*About this exercise*
Among the entries below, copy only the span from the line containing "Used 2025 Chevrolet Malibu LT FWD image 5" through the line containing "Ankara Keçiörengücü yönetimi, şampiyon". Do so exactly, and skip the pictures.

*Data provided*
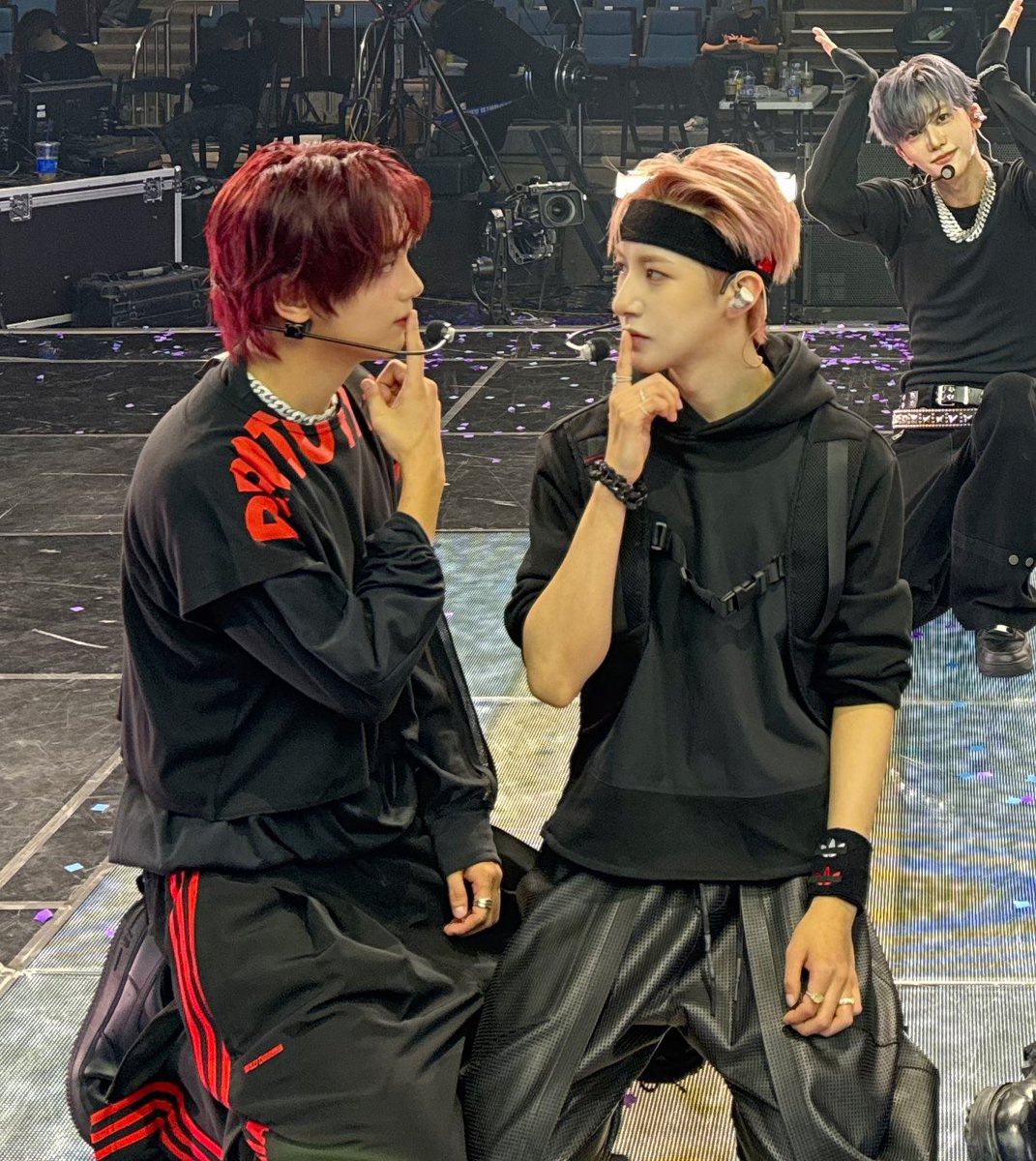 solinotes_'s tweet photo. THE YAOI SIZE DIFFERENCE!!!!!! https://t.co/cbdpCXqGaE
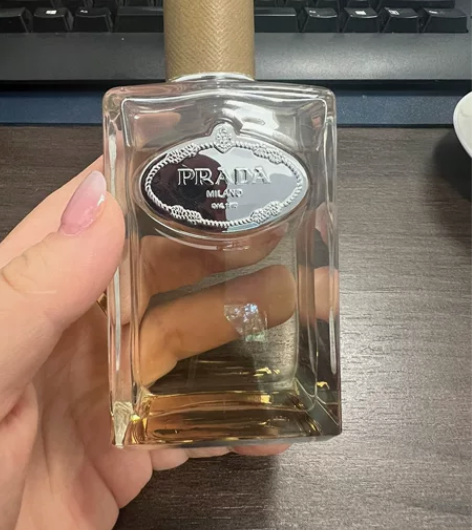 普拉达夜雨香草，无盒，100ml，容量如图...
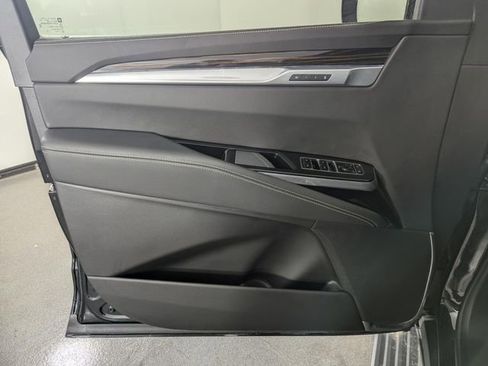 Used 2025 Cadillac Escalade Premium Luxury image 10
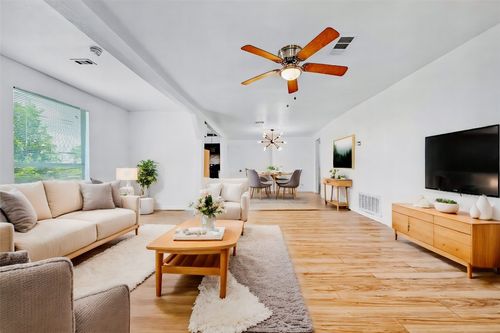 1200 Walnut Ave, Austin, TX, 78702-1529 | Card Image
---
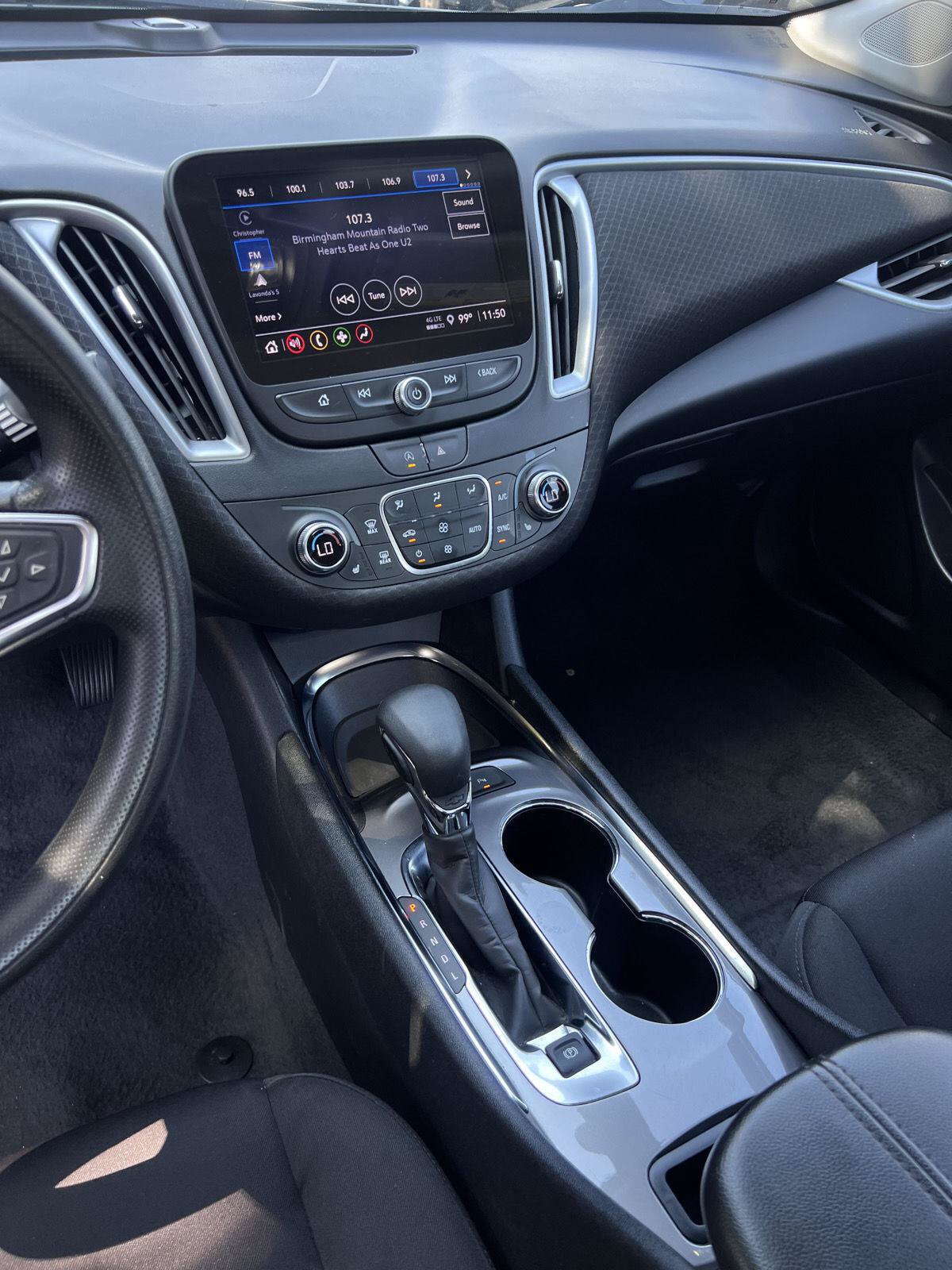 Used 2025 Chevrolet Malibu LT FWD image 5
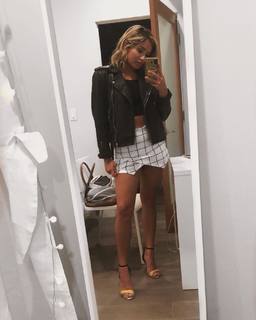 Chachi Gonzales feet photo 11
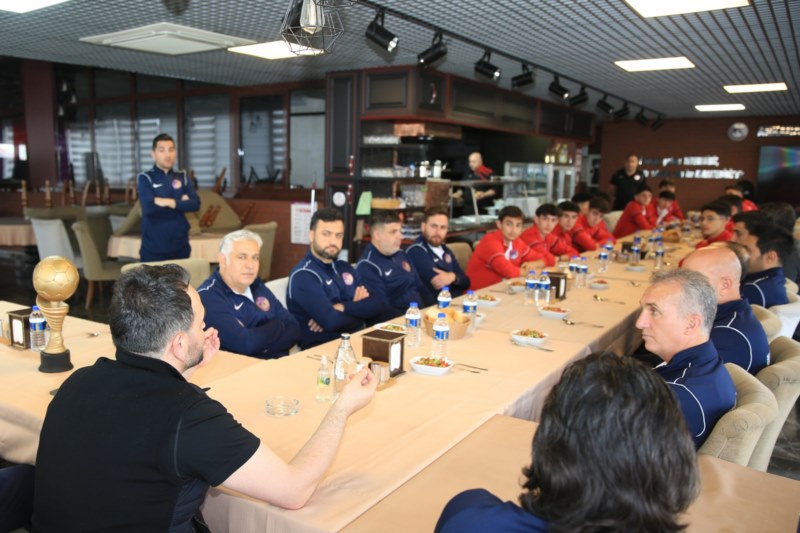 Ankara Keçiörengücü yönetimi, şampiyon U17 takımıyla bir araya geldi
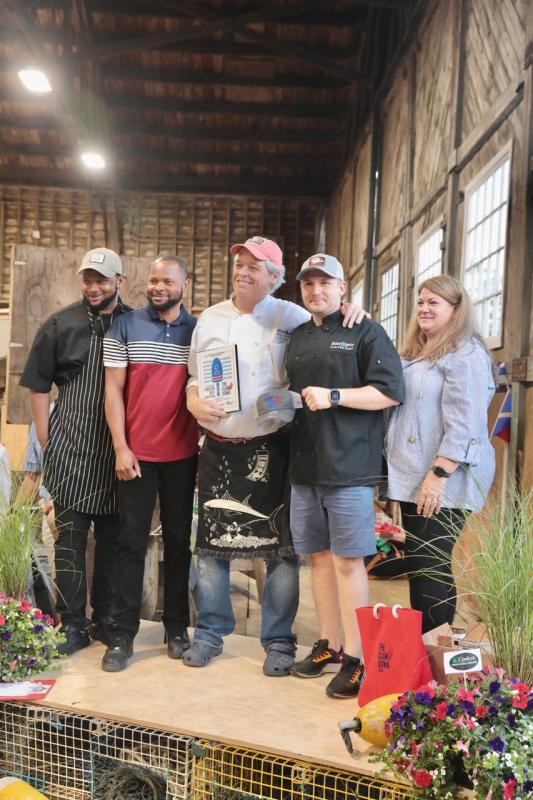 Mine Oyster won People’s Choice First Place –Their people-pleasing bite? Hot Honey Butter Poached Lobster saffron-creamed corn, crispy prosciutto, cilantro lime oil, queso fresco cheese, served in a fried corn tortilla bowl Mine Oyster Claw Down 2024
==
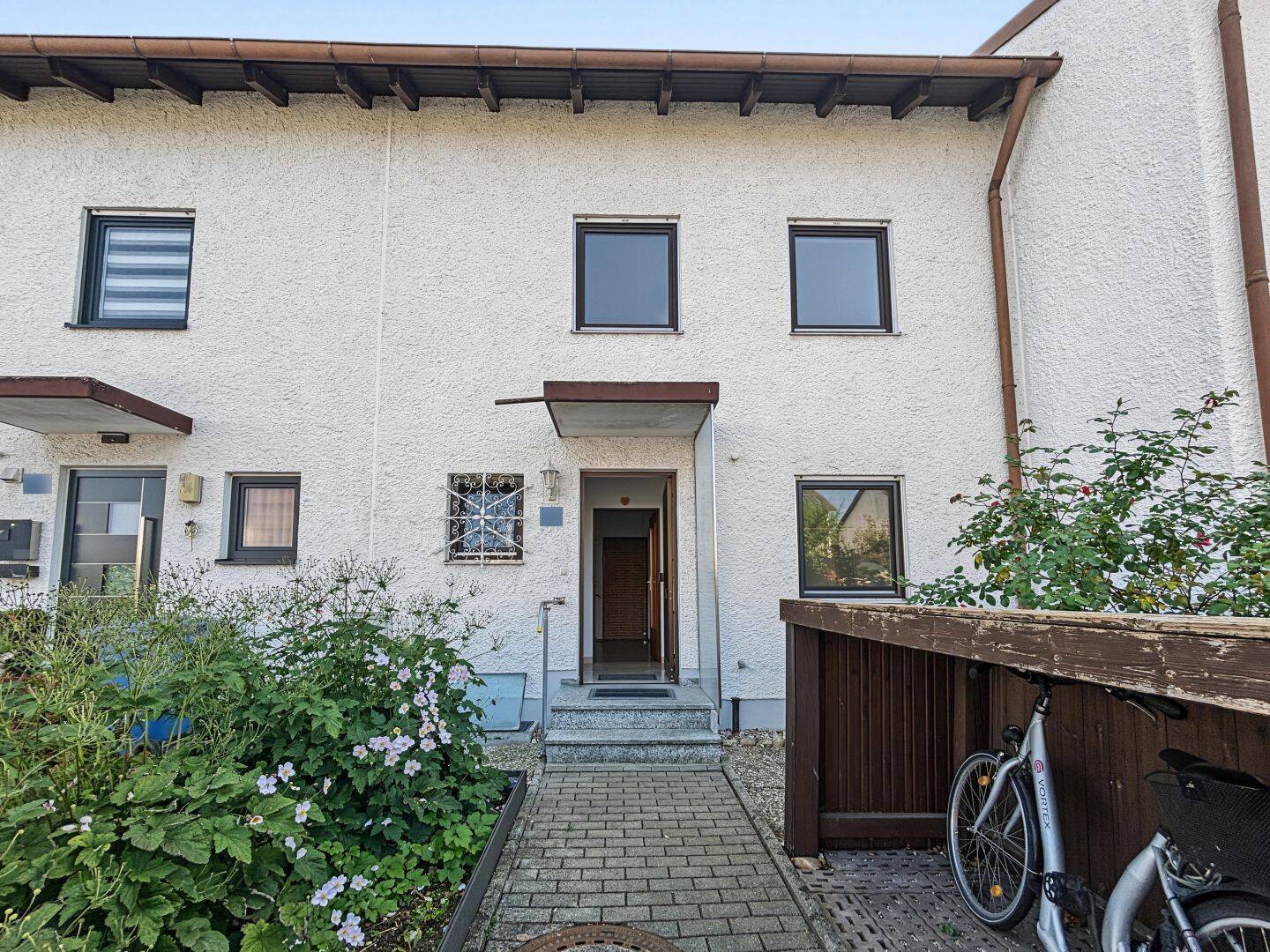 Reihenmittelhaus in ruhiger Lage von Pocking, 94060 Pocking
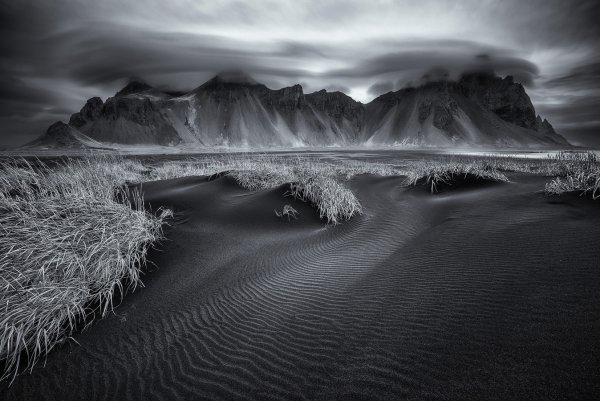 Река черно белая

*Result for this task*
 Used 2025 Chevrolet Malibu LT FWD image 5
 Chachi Gonzales feet photo 11
 Ankara Keçiörengücü yönetimi, şampiyon U17 takımıyla bir araya geldi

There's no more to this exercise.